=== DATASET EXTRACT ===

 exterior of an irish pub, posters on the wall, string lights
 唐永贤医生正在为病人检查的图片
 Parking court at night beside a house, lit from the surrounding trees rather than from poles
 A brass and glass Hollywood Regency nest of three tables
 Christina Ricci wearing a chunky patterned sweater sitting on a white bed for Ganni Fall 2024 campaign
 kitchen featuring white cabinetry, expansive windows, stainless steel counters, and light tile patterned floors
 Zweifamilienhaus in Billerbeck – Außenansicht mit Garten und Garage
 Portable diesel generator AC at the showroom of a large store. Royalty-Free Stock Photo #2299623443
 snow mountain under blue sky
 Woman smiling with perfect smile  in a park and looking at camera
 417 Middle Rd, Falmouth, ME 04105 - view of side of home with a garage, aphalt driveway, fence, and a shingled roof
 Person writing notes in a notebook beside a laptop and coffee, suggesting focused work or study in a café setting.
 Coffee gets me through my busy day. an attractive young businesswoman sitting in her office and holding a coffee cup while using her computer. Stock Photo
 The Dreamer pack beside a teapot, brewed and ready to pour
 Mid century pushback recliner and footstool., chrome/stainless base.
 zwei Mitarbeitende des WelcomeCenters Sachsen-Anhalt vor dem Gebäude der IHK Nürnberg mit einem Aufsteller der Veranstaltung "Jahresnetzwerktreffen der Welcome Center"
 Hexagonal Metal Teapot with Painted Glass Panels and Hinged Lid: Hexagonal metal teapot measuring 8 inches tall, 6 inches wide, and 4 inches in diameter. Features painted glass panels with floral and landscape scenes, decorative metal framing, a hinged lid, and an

===

■ PROBLEM TO WORK ON
Each line in the entries above, starting at the line with "The Dreamer pack" and ending at the line with "zwei Mitarbeitende des", is to be printed exactly, and only those lines.

■ SOLVED EXERCISE
 The Dreamer pack beside a teapot, brewed and ready to pour
 Mid century pushback recliner and footstool., chrome/stainless base.
 zwei Mitarbeitende des WelcomeCenters Sachsen-Anhalt vor dem Gebäude der IHK Nürnberg mit einem Aufsteller der Veranstaltung "Jahresnetzwerktreffen der Welcome Center"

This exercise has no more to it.